Then they would need a 5-10% adjustment

Maybe, maybe not. You could also weight the subject on the higher end of value, or in the middle. I personally often find it hard to extract an exact adjustment for how much lower, if at all, REO or short sales sell for than "regular" sales. In any case, we adjust the comp to the subject, so assuming the square footage, condition, location etc of three comps are exactly the same, and comp 1 sold for 200 k, and comp 2 sold for 210 k, and comp 3, which is an REO sold for 190k. So, why would you adjust the 190 k sale up if you are not adjusting the 210k sale down? Comp prices vary, in this case above I would appraise the subject for 200k and not adjust either the higher sale or the lower sale.

REO comps don't always sell lower, I used the 5-10% figure as an example, that if they are selling for lower than homes similar to the subject, that does nto mean they are selling for "liguidation value", as some appraisers claim. That was the point I was trying to make.

If you feel that after analyzing data that homes in similar condition and amenities to the subject are selling for let's say, 8% less, and you feel that the reason is because the REO 's have a stigma, or the condition of sales differ and you want to adjust 8% up for that, then that is a reason to do so.

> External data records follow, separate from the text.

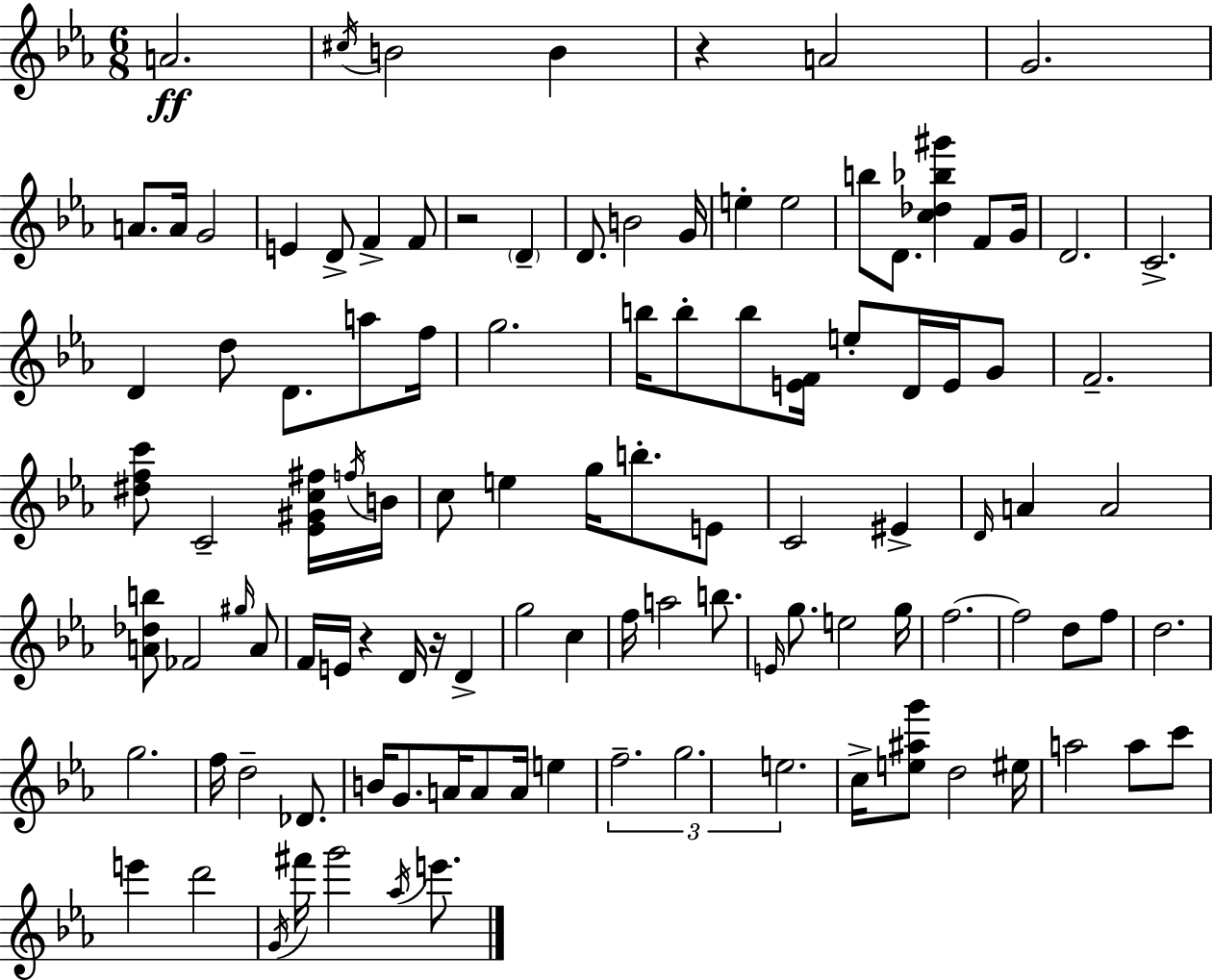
{
  \clef treble
  \numericTimeSignature
  \time 6/8
  \key ees \major
  a'2.\ff | \acciaccatura { cis''16 } b'2 b'4 | r4 a'2 | g'2. | \break a'8. a'16 g'2 | e'4 d'8-> f'4-> f'8 | r2 \parenthesize d'4-- | d'8. b'2 | \break g'16 e''4-. e''2 | b''8 d'8. <c'' des'' bes'' gis'''>4 f'8 | g'16 d'2. | c'2.-> | \break d'4 d''8 d'8. a''8 | f''16 g''2. | b''16 b''8-. b''8 <e' f'>16 e''8-. d'16 e'16 g'8 | f'2.-- | \break <dis'' f'' c'''>8 c'2-- <ees' gis' c'' fis''>16 | \acciaccatura { f''16 } b'16 c''8 e''4 g''16 b''8.-. | e'8 c'2 eis'4-> | \grace { d'16 } a'4 a'2 | \break <a' des'' b''>8 fes'2 | \grace { gis''16 } a'8 f'16 e'16 r4 d'16 r16 | d'4-> g''2 | c''4 f''16 a''2 | \break b''8. \grace { e'16 } g''8. e''2 | g''16 f''2.~~ | f''2 | d''8 f''8 d''2. | \break g''2. | f''16 d''2-- | des'8. b'16 g'8. a'16 a'8 | a'16 e''4 \tuplet 3/2 { f''2.-- | \break g''2. | e''2. } | c''16-> <e'' ais'' g'''>8 d''2 | eis''16 a''2 | \break a''8 c'''8 e'''4 d'''2 | \acciaccatura { g'16 } fis'''16 g'''2 | \acciaccatura { aes''16 } e'''8. \bar "|."
}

However, if non REO sales are also jumping around in value, would you need to start adjusting them too? If such an adjustment for either REO or non REO is reliable, use it, but if it is not reliable, better off just putting the sale prices in, adjusting for living area, condition, time adjustment if needed, but NOT adjusting for condition of sale ( because subject was an REO and the comps were not, ) Instead, if you feel non REO sales are better comps than the REO, weight those sales heavier and explain why.
 
Why do you make that assumption? A false assumption, in my case, when the market was "high", I lost a lot of mtg broker clients for "not making value", and in the cases of new construction, I always included outside comps sales and ended up "killing deals" because the new builder comps did not support the sales contract price. Maybe do some research and ask me, before making an assumption like that.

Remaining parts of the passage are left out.